It's a Wonderful Life
It happens more often as you get older, I think. Christmas and the turn of a year become less about parties and more about perspective-more about what you have than what you'll get. For the children of God, then, Christmas only gets better as our understanding deepens about what our holy God accomplished by assuming human likeness.
But let's consider George Bailey's question for a moment in terms of the Savior: “What if Jesus had never been born?”
I heard you gasp-history without the Incarnation? The ramifications send theologians' heads spinning, I know. To be truthful, I once took the Incarnation lightly. I did not grasp how helpless we were, or how aggressive is God's grace. With my earthly view I saw Christ's atonement in only one dimension: For God so loved the world that He gave me another option for a wonderful life-a really awesome upgrade. I just didn't understand the cost of wrapping Himself in flesh and living and dying under the shadow of the cross.
Without Jesus' incarnation God could not have welcomed us into heaven with open arms. He could not have looked the other way when our sin-dead hearts glanced in His direction. A holy God cannot discount the cost of sin-sin that not only separated us from Him but also made us His enemies.
Enemies? Isn't that a little harsh? We would like to think so, but the truth is that if Jesus had never been born, we still would be God's enemies. His righteousness and holiness cannot tolerate sinners. And sinners we would remain if Jesus had stayed away.
But enter love….
“But God demonstrates his own love for us in this: While we were still sinners, Christ died for us. Since we have now been justified by his blood, how much more shall we be saved from God's wrath through him! For if, when we were God's enemies, we were reconciled to him through the death of his Son, how much more, having been reconciled, shall we be saved through his life!” (Rom. 5:8-10).

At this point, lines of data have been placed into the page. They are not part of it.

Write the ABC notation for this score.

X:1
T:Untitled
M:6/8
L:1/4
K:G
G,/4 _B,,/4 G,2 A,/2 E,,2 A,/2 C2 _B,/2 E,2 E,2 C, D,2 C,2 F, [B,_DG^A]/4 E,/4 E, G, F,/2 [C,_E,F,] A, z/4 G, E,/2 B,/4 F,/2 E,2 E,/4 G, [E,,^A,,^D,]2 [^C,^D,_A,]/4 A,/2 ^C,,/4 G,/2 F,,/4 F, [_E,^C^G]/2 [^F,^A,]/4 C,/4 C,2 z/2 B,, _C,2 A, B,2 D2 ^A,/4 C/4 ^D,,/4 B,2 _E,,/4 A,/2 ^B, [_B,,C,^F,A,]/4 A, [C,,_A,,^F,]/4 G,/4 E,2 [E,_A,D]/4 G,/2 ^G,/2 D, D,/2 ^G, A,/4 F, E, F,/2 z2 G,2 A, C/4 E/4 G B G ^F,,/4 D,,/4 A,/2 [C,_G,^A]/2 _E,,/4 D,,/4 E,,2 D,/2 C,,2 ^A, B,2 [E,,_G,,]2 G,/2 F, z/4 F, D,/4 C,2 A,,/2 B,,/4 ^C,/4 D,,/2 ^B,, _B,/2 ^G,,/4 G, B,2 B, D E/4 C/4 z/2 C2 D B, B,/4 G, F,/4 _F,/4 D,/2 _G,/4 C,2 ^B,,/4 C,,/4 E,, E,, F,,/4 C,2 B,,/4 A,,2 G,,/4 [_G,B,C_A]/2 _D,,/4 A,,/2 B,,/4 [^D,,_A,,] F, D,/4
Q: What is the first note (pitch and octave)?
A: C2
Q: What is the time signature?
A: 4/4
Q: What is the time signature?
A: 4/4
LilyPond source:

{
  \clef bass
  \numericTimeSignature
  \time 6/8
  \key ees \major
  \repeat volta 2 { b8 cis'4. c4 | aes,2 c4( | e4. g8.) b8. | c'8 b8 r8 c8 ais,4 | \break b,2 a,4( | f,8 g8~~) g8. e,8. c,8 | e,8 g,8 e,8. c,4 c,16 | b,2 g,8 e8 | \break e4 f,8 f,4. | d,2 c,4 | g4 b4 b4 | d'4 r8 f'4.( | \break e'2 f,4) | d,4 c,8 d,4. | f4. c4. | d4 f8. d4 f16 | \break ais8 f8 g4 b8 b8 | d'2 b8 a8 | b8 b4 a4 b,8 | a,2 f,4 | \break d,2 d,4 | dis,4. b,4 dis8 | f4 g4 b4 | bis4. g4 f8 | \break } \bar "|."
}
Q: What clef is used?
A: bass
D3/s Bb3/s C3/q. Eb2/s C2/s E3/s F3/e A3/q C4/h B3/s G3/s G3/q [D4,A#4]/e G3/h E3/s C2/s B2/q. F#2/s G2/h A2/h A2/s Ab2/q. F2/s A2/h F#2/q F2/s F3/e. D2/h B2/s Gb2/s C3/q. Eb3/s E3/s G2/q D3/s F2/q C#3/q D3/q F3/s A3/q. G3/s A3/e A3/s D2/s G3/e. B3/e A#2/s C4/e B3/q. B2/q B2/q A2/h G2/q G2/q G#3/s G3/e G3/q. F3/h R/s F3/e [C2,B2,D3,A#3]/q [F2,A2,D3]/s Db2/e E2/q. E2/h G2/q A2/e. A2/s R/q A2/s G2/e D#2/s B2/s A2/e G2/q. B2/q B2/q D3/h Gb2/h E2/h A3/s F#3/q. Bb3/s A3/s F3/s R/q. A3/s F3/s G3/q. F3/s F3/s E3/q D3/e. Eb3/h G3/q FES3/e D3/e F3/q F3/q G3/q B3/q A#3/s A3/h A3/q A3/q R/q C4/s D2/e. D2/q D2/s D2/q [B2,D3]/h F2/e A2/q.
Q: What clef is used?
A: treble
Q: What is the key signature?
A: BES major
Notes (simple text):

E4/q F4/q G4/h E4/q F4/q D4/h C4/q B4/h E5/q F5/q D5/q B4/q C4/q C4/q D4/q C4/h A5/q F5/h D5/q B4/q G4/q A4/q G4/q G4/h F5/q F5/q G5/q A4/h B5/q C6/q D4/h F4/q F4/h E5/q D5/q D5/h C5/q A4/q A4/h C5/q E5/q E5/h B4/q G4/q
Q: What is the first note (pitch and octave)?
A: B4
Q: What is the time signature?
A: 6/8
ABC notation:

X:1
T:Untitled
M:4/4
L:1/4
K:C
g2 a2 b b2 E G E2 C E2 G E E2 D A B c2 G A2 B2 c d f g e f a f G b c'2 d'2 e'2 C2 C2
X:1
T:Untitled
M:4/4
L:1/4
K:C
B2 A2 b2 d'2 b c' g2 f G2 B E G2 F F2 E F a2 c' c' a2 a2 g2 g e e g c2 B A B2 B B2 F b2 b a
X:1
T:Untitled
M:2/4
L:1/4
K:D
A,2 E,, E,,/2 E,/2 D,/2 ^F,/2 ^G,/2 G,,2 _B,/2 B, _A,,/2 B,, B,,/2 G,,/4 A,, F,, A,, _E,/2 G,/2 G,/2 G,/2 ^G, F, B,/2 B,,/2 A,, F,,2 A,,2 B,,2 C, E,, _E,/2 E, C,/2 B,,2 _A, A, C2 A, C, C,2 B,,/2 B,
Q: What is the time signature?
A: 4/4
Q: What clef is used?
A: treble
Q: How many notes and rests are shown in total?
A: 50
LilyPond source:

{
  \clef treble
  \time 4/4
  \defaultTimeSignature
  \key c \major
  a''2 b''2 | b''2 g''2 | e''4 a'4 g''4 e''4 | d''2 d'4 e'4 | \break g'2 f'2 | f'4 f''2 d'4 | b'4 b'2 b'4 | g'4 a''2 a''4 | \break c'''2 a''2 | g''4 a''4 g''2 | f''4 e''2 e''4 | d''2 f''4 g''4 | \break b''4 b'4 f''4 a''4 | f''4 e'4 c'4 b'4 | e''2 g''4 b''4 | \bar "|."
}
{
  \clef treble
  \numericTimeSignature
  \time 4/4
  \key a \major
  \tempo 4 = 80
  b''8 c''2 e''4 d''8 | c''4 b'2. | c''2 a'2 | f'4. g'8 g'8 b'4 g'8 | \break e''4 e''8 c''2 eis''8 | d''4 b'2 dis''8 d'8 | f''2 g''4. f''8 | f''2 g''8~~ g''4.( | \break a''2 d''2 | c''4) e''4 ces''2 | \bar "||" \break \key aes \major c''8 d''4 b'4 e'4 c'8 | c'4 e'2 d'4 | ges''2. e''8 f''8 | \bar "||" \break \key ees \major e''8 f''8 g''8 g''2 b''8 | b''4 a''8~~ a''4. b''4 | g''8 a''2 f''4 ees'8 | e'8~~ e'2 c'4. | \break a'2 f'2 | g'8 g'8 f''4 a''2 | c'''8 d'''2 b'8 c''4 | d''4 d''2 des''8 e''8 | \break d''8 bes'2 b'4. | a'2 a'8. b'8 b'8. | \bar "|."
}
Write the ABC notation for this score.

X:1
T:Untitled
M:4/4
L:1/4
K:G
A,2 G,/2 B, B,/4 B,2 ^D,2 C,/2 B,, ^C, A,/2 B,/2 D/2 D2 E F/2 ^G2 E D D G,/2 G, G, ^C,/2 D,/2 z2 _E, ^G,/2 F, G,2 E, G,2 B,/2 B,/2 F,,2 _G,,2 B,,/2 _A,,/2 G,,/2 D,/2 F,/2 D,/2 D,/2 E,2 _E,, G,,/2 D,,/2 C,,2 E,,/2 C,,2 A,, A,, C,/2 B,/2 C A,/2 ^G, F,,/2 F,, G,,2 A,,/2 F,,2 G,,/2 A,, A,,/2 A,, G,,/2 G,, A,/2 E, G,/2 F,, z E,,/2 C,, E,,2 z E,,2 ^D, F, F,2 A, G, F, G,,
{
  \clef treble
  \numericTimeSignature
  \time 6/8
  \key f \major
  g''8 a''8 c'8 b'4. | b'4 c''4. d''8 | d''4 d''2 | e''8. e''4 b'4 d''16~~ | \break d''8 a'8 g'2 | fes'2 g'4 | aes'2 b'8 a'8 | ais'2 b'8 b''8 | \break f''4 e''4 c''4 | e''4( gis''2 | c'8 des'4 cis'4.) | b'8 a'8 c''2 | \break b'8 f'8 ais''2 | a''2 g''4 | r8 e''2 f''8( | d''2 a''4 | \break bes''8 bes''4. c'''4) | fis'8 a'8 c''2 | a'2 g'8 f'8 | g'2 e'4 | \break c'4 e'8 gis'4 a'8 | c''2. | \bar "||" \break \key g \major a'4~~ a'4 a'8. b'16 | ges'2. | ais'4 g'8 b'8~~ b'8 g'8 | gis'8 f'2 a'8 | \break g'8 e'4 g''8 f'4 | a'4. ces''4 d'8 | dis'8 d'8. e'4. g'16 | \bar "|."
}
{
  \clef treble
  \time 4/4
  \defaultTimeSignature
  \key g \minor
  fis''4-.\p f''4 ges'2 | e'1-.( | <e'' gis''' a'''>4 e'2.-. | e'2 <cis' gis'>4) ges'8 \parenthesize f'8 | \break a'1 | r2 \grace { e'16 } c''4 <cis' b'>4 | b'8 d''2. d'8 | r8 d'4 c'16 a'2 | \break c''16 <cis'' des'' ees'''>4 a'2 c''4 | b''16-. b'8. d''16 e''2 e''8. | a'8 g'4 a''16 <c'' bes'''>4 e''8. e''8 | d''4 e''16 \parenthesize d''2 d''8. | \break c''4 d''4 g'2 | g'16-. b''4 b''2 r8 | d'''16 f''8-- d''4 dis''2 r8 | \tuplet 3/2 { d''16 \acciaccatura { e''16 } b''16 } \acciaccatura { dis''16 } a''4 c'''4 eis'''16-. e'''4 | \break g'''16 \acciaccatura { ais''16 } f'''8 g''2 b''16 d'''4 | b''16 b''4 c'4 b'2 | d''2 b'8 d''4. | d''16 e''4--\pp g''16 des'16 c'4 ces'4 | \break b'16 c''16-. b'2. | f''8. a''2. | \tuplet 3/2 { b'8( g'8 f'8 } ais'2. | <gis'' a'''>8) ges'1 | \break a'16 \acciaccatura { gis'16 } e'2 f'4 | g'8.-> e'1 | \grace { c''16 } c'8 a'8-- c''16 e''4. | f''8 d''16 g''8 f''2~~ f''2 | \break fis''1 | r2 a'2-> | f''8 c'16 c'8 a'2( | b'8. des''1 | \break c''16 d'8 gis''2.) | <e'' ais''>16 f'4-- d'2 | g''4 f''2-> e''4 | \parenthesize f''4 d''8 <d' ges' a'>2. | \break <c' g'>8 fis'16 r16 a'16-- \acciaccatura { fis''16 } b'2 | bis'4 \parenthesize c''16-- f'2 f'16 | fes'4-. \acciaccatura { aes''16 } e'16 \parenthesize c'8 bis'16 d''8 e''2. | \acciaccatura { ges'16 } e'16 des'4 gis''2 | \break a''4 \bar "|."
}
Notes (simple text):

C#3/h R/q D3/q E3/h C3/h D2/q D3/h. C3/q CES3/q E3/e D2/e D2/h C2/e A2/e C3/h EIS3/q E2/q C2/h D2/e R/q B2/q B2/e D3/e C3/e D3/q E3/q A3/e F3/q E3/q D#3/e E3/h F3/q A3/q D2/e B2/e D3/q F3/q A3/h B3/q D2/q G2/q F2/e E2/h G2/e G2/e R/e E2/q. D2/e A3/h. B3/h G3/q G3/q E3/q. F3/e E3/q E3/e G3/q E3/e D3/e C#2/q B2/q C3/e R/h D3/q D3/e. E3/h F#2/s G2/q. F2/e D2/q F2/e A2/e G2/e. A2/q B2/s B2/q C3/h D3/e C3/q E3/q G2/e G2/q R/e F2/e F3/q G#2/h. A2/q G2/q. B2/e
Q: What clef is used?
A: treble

“Reconciled” is a ten-dollar word for saying our relationship has changed. God removed the barrier that separated His holiness from our sinfulness. Jesus' outrageous sacrifice built the bridge to His Father so that we as His enemies could become His friends. He transformed estrangement into intimacy.
“Once you were alienated from God and were enemies in your minds because of your evil behavior,” Paul wrote to the church in Colosse. “But now he has reconciled you by Christ's physical body through death to present you holy in his sight, without blemish and free from accusation” (Col. 1:21Ð22). Through sin we burned our bridge to God. Through Christ's birth, death, and resurrection, He rebuilt it.
Just as George Bailey stood at the edge of a bridge and contemplated his life, we too must consider our lives as if Jesus had never been born. Considering the outcome spurs us into correct self-awareness-and proper reverence for Christ. If Jesus had never been born, the bridge between us and God would lay smoldering in pieces, and we would face a God who is righteously wrathful, holy, and distant. We would be His enemies. But because Jesus lived, died, and paid our ransom, God came near, and invites us to turn from our sin and run to Him across the bridge of reconciliation. What a change in our relationship. Talk about an upgrade!
That's the real Christmas story.
Even if we know that, this phenomenal truth of Christmas can become like the decorations we unpack, admire, and pack up again each year. This year why not pause at the bridge of reconciliation-and consider its very existence. Ask yourself, “How has my life changed because Jesus came?” and “What are the blessings I now enjoy because He became my ransom?” The reality and blessings of Christ's birth will cause us to exclaim again, “It's a wonderful life!”